Zero-downtime secret rotation in Python

The hard part of rotation is not generating a new credential — it is swapping it into a running service without a single failed request. The answer is a refreshing cache plus an overlap window where both credentials work. This page implements it, extending Automated Secret Rotation Patterns.

Problem 1: restart-to-rotate

# ANTI-PATTERN: the only way to pick up a new secret is a redeploy
SECRET = fetch_secret()    # module-level; rotation requires restarting every pod

Tying rotation to a restart means downtime and a manual step.

Problem 2: a race on refresh

# ANTI-PATTERN: two threads refresh at once, one overwrites the other
if expired:
    global SECRET
    SECRET = fetch_secret()    # no lock: torn reads under concurrency

Without a lock, concurrent requests can see a half-updated value.

Secure implementation

# secrets/refresh.py
import threading, time
from pydantic import SecretStr

class RefreshingSecret:
    def __init__(self, fetch, ttl: int = 300):
        self._fetch, self._ttl = fetch, ttl     # ttl < overlap window
        self._value: SecretStr | None = None
        self._at = 0.0
        self._lock = threading.Lock()

    def get(self) -> SecretStr:
        now = time.monotonic()
        if self._value is None or now - self._at > self._ttl:
            with self._lock:                     # one refresh under contention
                if self._value is None or time.monotonic() - self._at > self._ttl:
                    self._value, self._at = self._fetch(), time.monotonic()
        return self._value

def on_rotation(pool, secret: RefreshingSecret) -> None:
    pool.recreate(password=secret.get().get_secret_value())   # graceful pool reload

The double-checked lock guarantees exactly one refresh under load; the TTL stays below the store’s overlap window, so the old credential is still valid while the cache catches up; pools are recreated rather than torn down mid-request.
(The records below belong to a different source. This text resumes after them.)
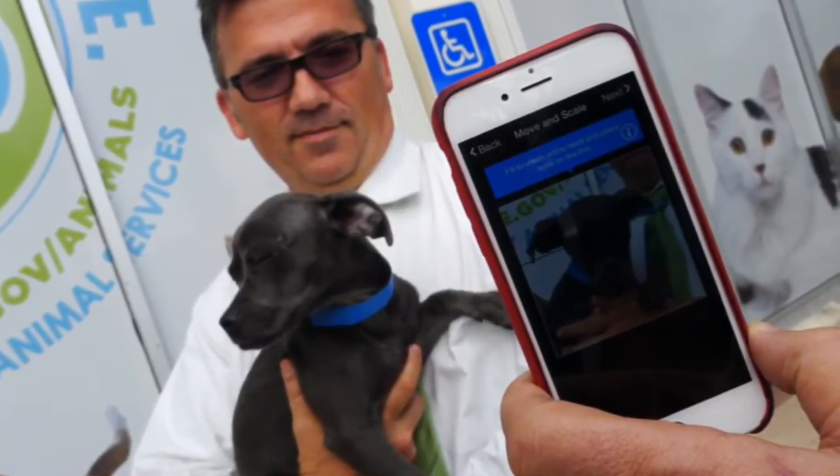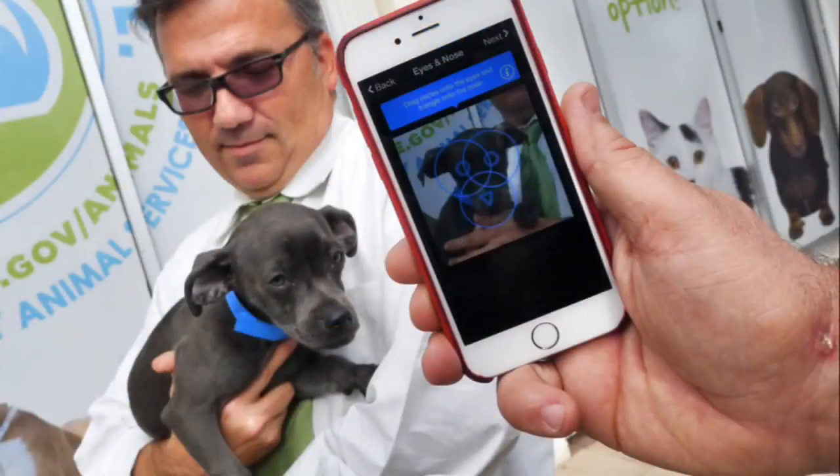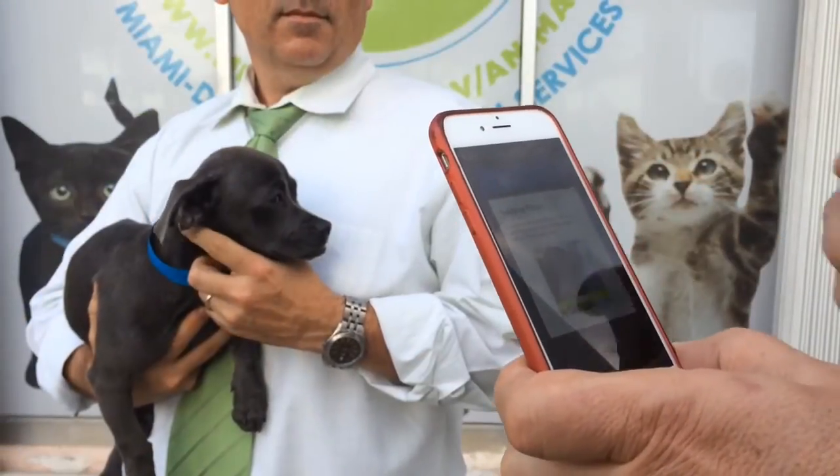Once we take a picture of him, all we need to do is take his head, expand it, put it on the line, hit next, put one eye here, put the other eye right here, and put his nose right there. And that's it. And then we scan. And that's all you need to do.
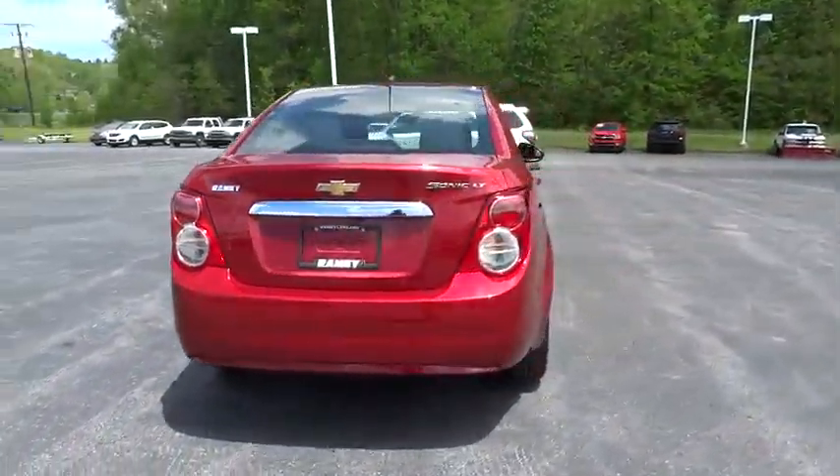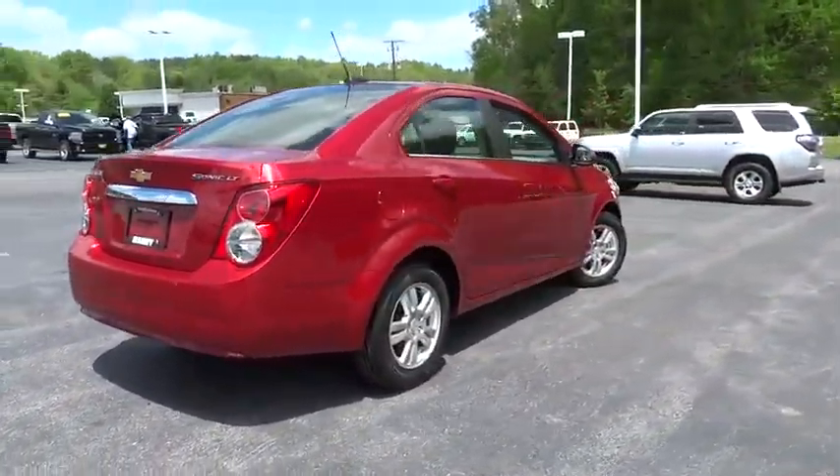A vehicle like this doesn't come along every day. Come in and get it before someone else does.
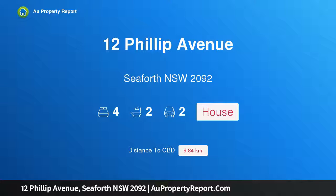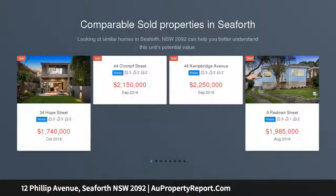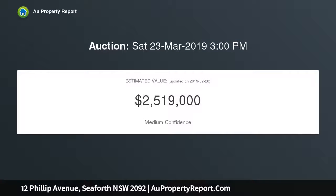I am glad to introduce property 12 Phillip Avenue, Seaforth, New South Wales 2092 — luxury family living in a tranquil street. Find a residence of epic proportions and impeccable style. This stunning family home showcases an extensive layout that sprawls over two exquisitely crafted levels. The floor plan caters perfectly to families with spacious free-flowing living and luxurious outdoor entertaining spaces.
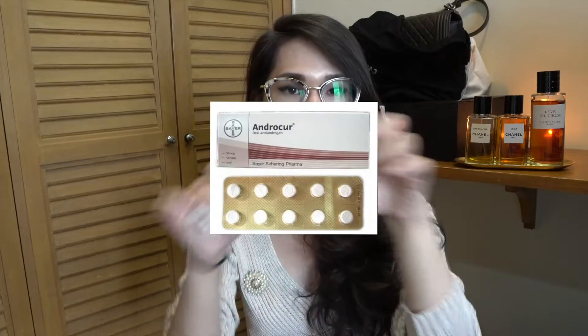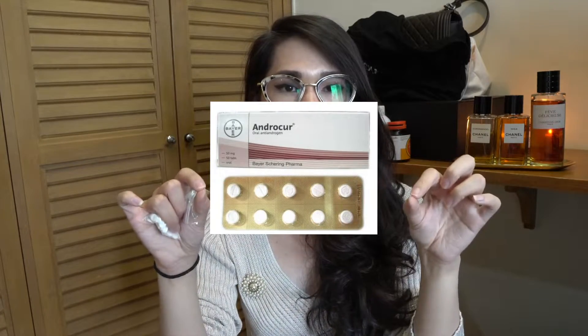The German version comes in a full foil tablet. If you're taking the Indian one, just go to the pharmacy and they will cut it down and give it to you like that.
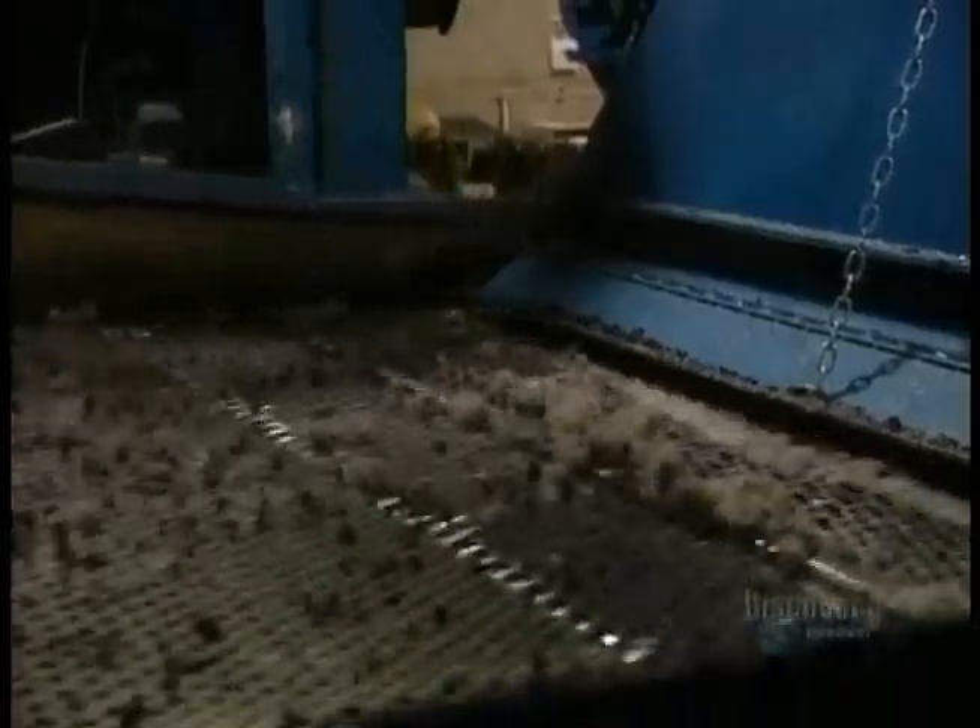This shredder is able to cut up almost 1,000 tires an hour. They come out as fairly good-sized pieces, which are then shredded a second time. Metal is magnetically separated from the rubber, and the metal pieces are recycled at another factory.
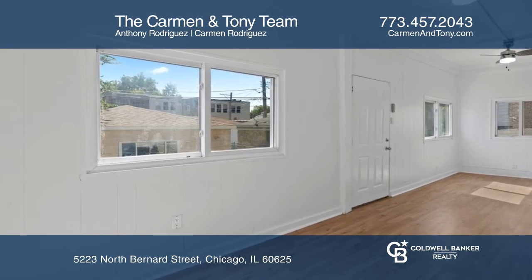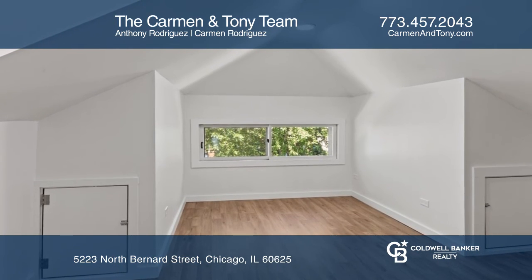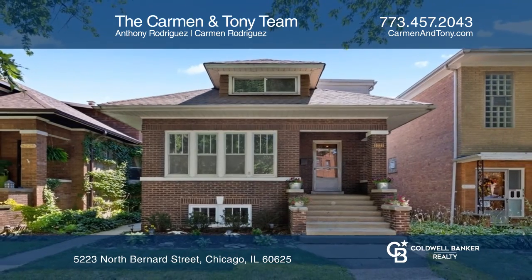Clean, unfinished basement with laundry help make this the ideal place to call home. Don't miss out on this unique opportunity. Call the Carmen and Tony team.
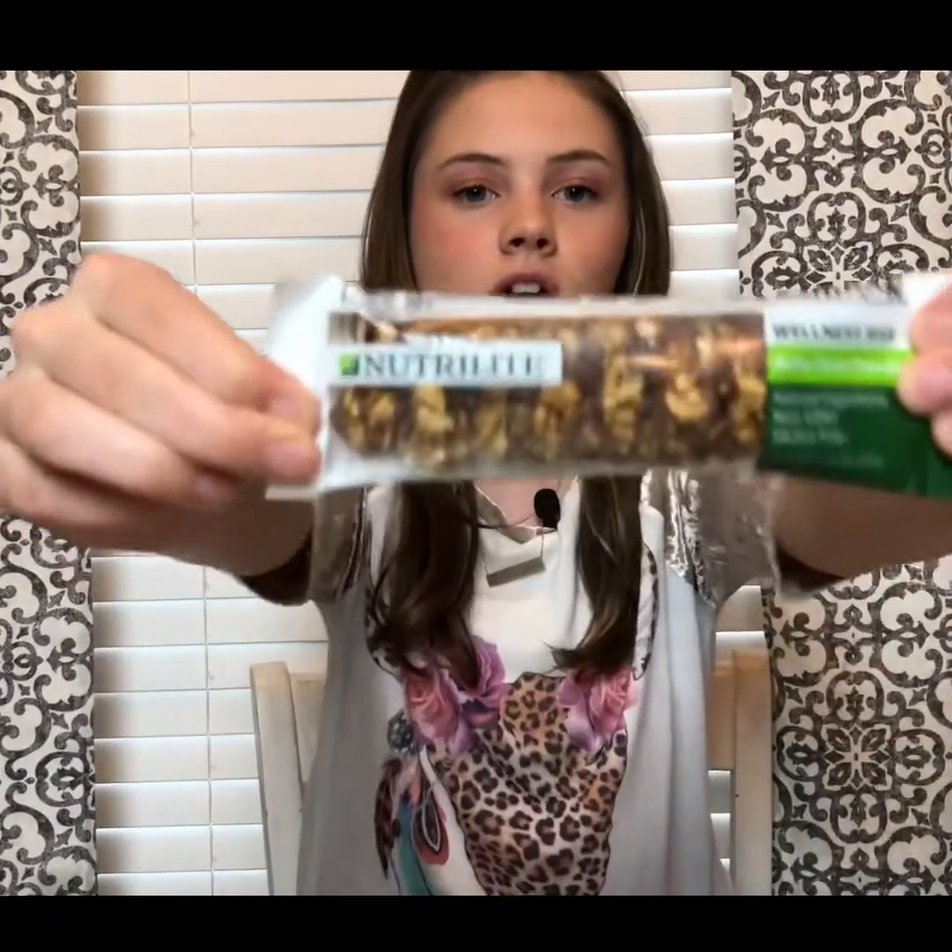Doesn't that look so good, guys? And then they got some juice from there. And then my brother got these, which he's so excited about. They're juice packets — you twist off the top part, you pour it into your water, and it flavors up your water, and it's really good. It's strawberry, kiwi, and raspberry, and those are his two favorite flavors, so I know he's really going to love that.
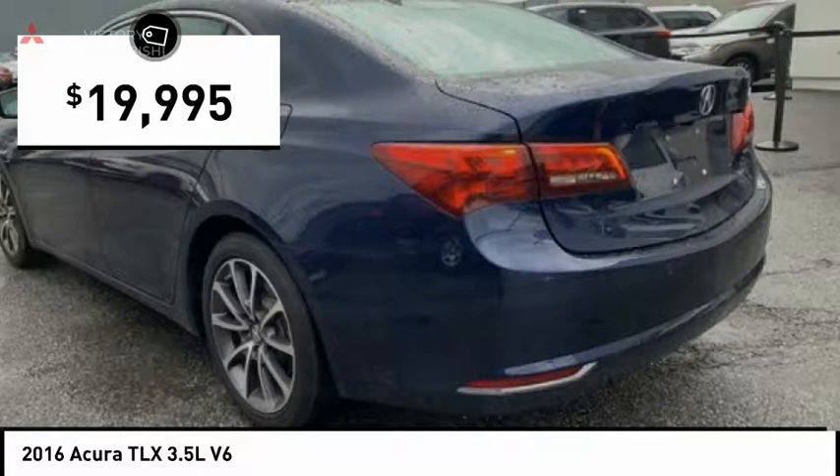This vehicle has less than 30,000 miles. Here are some of this vehicle's great options: electronic stability control, brake assist, traction control, and remote keyless entry.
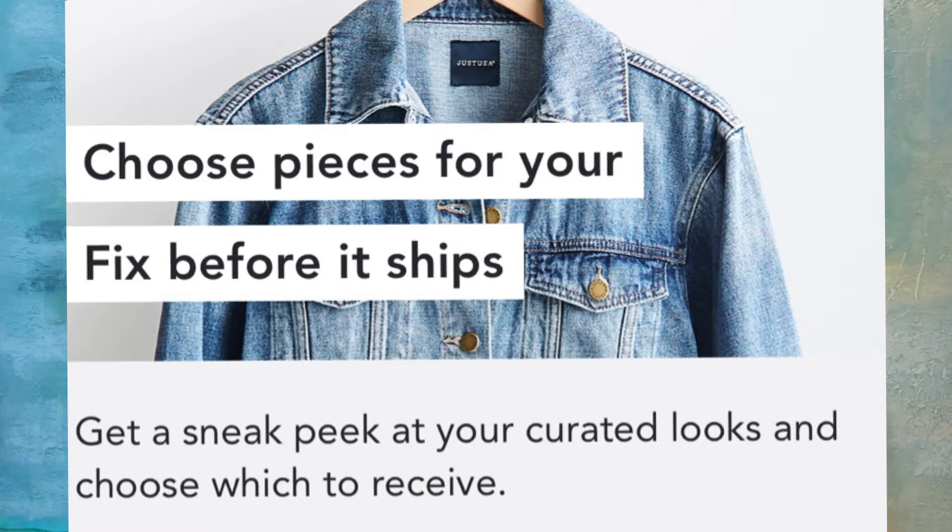They now have a shop by category feature where you can have items you want picked out and put in your box. You still only get five items, but at least you know you're getting something you want to try on, and hopefully it will also help your stylist pick out things that are more for you.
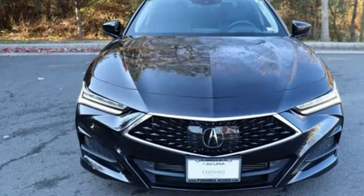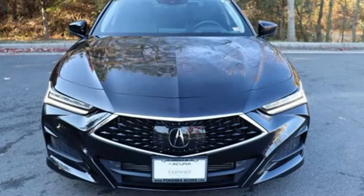Acura believes if there's a better way, take it. Driving is believing. Test drive it today.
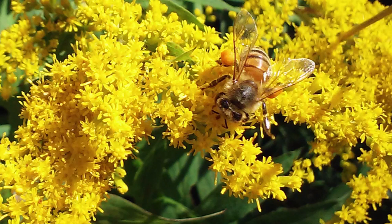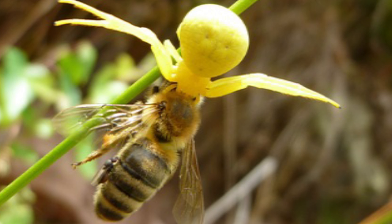One of its biggest prey is the honeybee. The honeybee comes in to get nectar, the crab spider attacks it, bites it, and shoots some venom into the bee, paralyzing it. Then the spider sucks it dry and the bee dies.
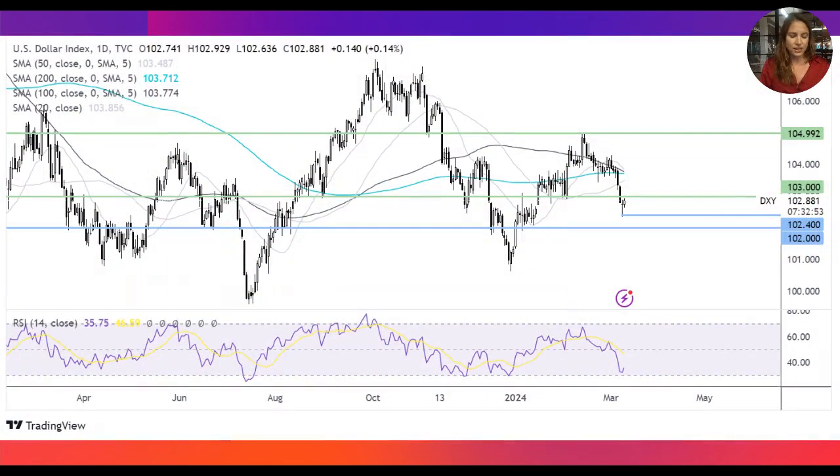We have seen the US dollar fall lower across last week. It has just picked up a little bit today. We've seen risk sentiment turn a little bit sour, which is helping to support the US dollar. But if we get weaker than expected inflation tomorrow, then we could expect to see the sell-off in the US dollar continue.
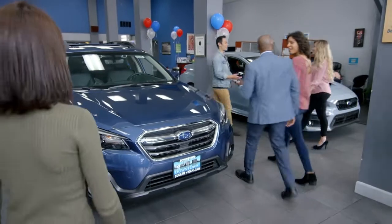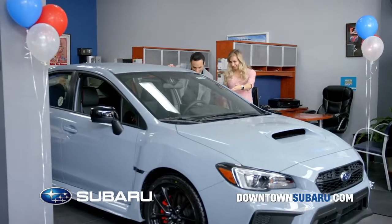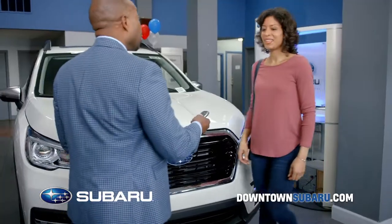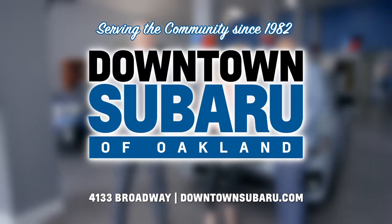These are just a few of the all-stars you'll see at Downtown Subaru of Oakland. And with the huge inventory, you'll be sure to be matched with a car that's right for you. Your hometown team, Downtown Subaru of Oakland.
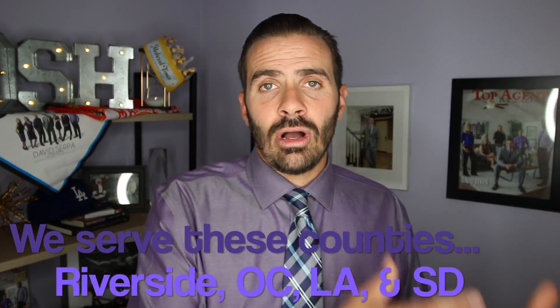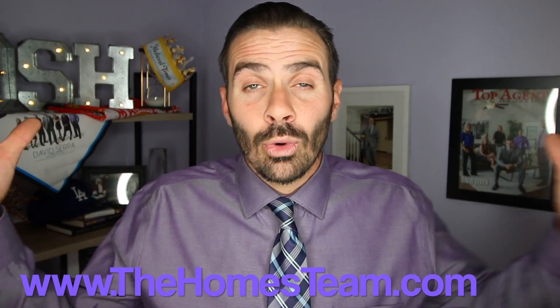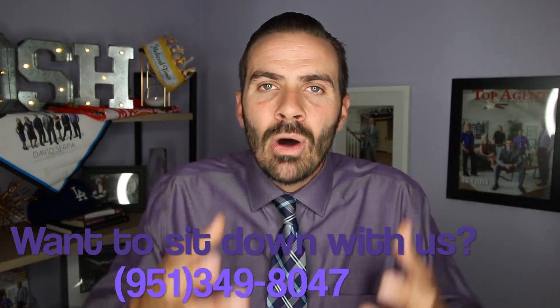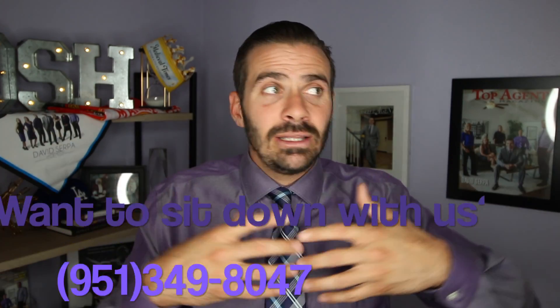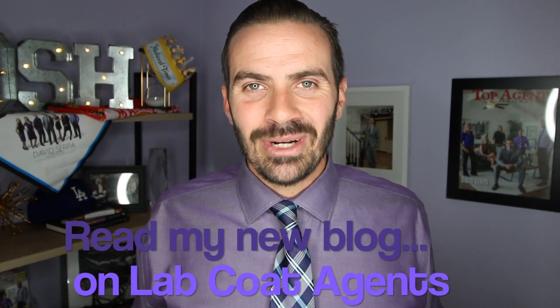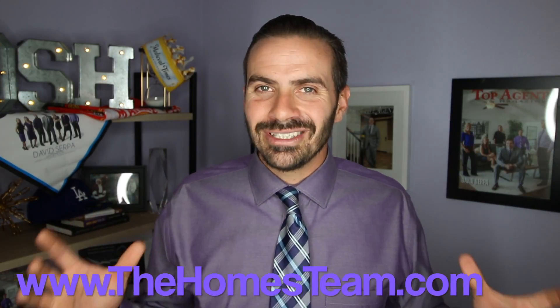Rule number ten: consult with a real estate professional. I know a lot of you are rolling your eyes, but even if it's not me, that's okay. You wouldn't let your brother, your uncle, your friend, or your cousin work on your car if it was their first or sixth time working on one. So why would you let them touch the thing in your house that has more investment value than anything else you own? Those are the top 10 rules to live by if you're getting your house ready to sell. I'm David Serpa, president and owner of the Homes Team. I hope you've enjoyed this video. Hit subscribe for access to more good stuff like this.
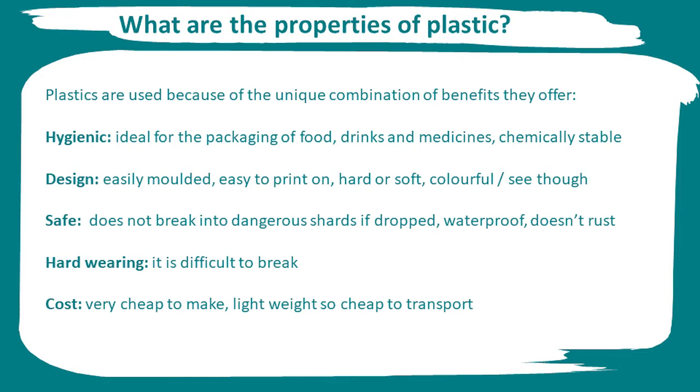Plastic can be made hard or soft, colourful or see-through. Plastic is a safe product. Unlike glass, it does not break into dangerous shards if dropped. It's also waterproof and does not rust.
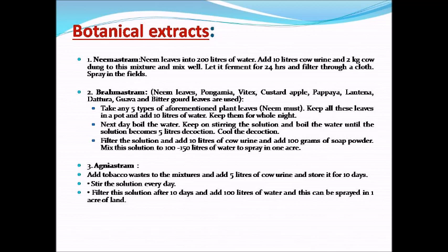Filter this solution after 10 days, add 100 liters of water, and this can be sprayed over one acre of land.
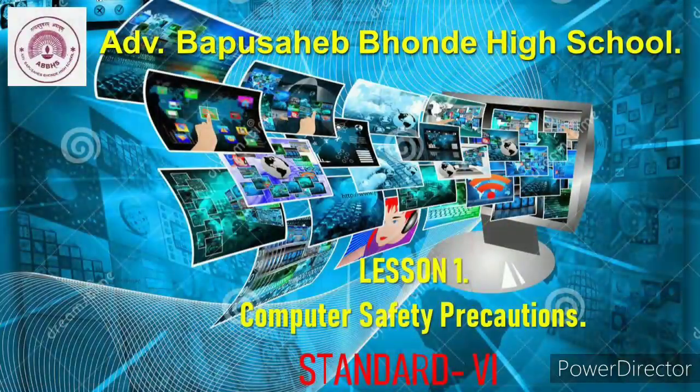Hello students, myself Anupamavad, myself Bhagyashriti Kone. Together we will be mentoring you for the computer subject. Let's begin with our first lesson: Computer Safety Precautions.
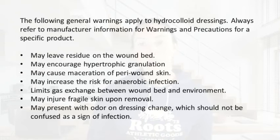We do want to keep that in mind and always read the specific directions for the specific hydrocolloid that you're using. General warnings about hydrocolloids: it may leave a residue on the wound bed, it may encourage hypertrophic granulation, it may cause maceration of peri wound skin, the patient may be at higher risk for anaerobic infection, it does limit gas exchange between the wound bed and the environment, and it may injure fragile skin upon removal.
Gotchas & version-specific behaviour

  • The cache TTL must be shorter than the credential overlap window or requests fail at the cutover.
  • Use double-checked locking so a refresh under load does not stampede the secret store.
  • Recreate connection pools on change; do not close active connections abruptly.
  • time.monotonic() for all timing so clock changes cannot extend the TTL.

Production parity checklist

  • Rotation needs no restart — the refreshing cache picks up new values.
  • Cache TTL is below the overlap window.
  • Refresh is thread-safe (double-checked lock).
  • Pools reload gracefully on credential change.
  • A staging drill forces rotation and asserts zero failed requests.

Conclusion

A thread-safe refreshing cache sized under the overlap window turns rotation into a non-event — no restart, no failed request. For the overlap-window mechanics in the store, see Automated Secret Rotation Patterns.